SEOUL, June 19 (Yonhap) -- A 16th-century war diary kept by famous Korean naval hero Yi Sun-sin and archives of South Korea's Saemaul (New Community) Movement in the 1970s have been added to UNESCO's Memory of the World Register, officials said Wednesday.

The designation brings the total number of South Korea's heritage items on the UNESCO list to 11. The list also recognizes the importance of "Hunminjeongeum," the original manuscript of Hangeul, the Korean alphabet.

The war diary, called "Nanjung Ilgi," and "The Archives of Saemaul Undong" received recommendation for addition to the list by the International Advisory Committee (IAC) of the UNESCO Memory of the World, South Korea's Cultural Heritage Administration said.

The decision was made during the 11th session of the IAC that opened in Gwangju, a southwestern South Korean city, on Tuesday and was approved by UNESCO Director-General Irina Bokova.

The Memory of the World program, established in 1992, seeks to protect and record the world's valuable documents and widen public access to them through the Internet.

The IAC is a committee of experts that pre-examines nominations for the Memory of the World list. The opinion reached at its biennial session has a decisive influence on UNESCO's final choice of nominations.

"Nanjung Ilgi," the country's national treasure No. 76, is Yi's personal diary who wrote it during the Japanese invasion of Korea, known as the Imjin War (1592-1598).

"The diary is without equal in world history as a commander's battlefield accounts.
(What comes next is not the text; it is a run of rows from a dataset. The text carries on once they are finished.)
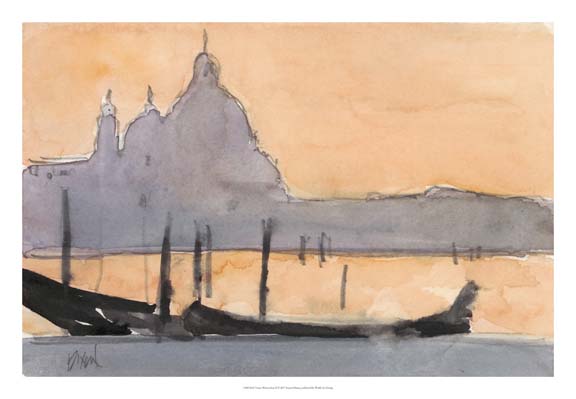 Venice Watercolors X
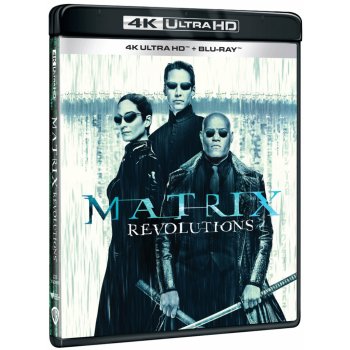 Matrix:Revolutions BD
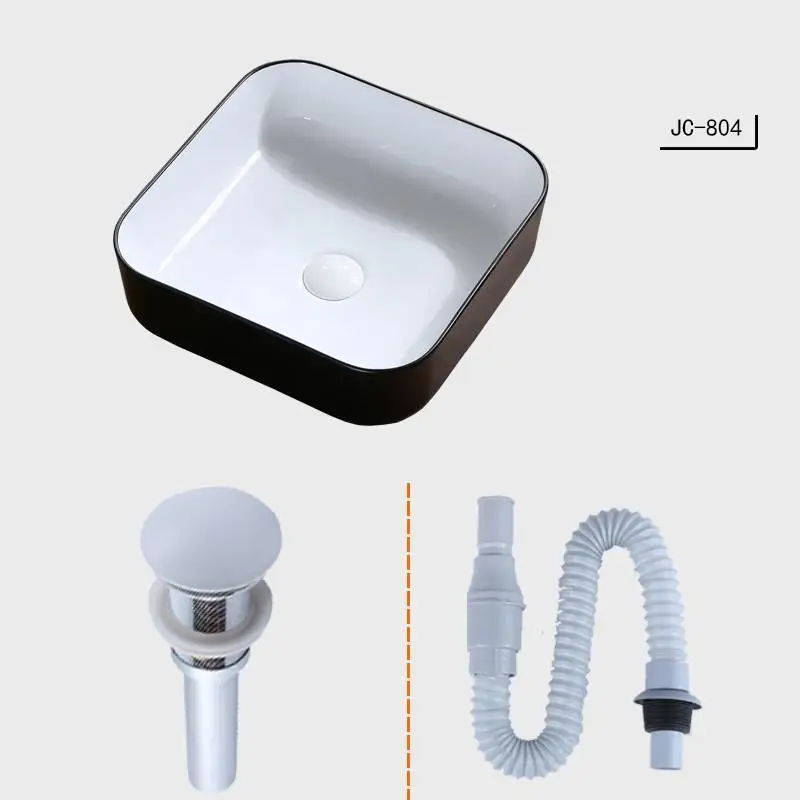 Version E Умывальник Lavatorio Da Appoggio Waschtisch Waschbecken Lavandino Bagno Salle De Bain Cuba Banheiro умывальник для ванной комнаты Lavabo - Цвет: Version E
Written as a personal journal, it describes in detail the daily combat situations, the admiral's personal views and feelings, observations on the weather, topographical features of battlefields and the lives of common people," the IAC said.

Launched in 1970 by incumbent president Park Geun-hye's father, then President Park Chung-hee, the government-led movement, which translates as the "new community movement," is credited with helping to modernize the then rural South Korean economy.

The movement became the cornerstone of South Korea's rapid growth from a poor country to one of the world's economic powers and such an experience is a precious asset to the history of mankind, the committee said.

The archives include presidential speeches, government papers, village documents, letters, manuals, photographs and video clips related to the movement.